Railway line in Croatia

The Dugo Selo–Novska railway (Pruga Dugo Selo–Novska), officially designated as the M103 railway, is a 83.405 km railway line in Croatia that connects Dugo Selo, situated east of national capital Zagreb, to Novska and the M105 railway extending east towards Belgrade. Its route follows the Sava River valley. It is an integral part of railway Pan-European Corridor X running from Salzburg and Ljubljana towards Skopje and Thessaloniki.

The line is used for passenger (regional and international) and freight traffic.

The M103 railway is electrified using a 25 kV 50 Hz AC overhead line system and single-tracked. The maximum permitted speed along the Dugo Selo–Moslavačka Gračenica section is 60 km/h, while the maximum speed along Moslavačka Gračenica–Novska section 80 km/h.

At its western terminus in Dugo Selo, the railway connects to the M102 and M201 railways connecting Zagreb and Budapest (via Koprivnica) respectively. In Banova Jaruga, the railway connects to the L205 railway extending north towards Lipik. At the southern terminus of the railway, located in Novska, the railway links to the M104 railway connecting Zagreb via Sisak as in addition to the M105 railway.

==History==
The Dugo Selo–Novska railway was opened in 1897. It was the route of the Orient Express service from 1919 to 1977.

As part of the Zagreb–Belgrade railway, electrification was finished in 1970.

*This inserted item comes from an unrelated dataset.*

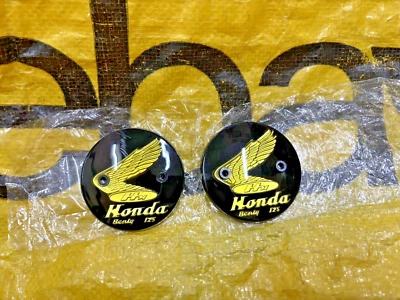 Honda Benly C92 C95 CA92 CA95 CB92 CS92 LH Tank Badges Emblem Gold *NEW* x2 - Imagem 1 de 4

== Reconstruction of the existing and construction of the second track on the corridor (2024 - 2029) ==
Because of the unsatisfactory technical condition of the track on the route, major reconstruction of the corridor (including the construction of the second, parallel track along entire route) is scheduled to be carried out between 2024 and 2029.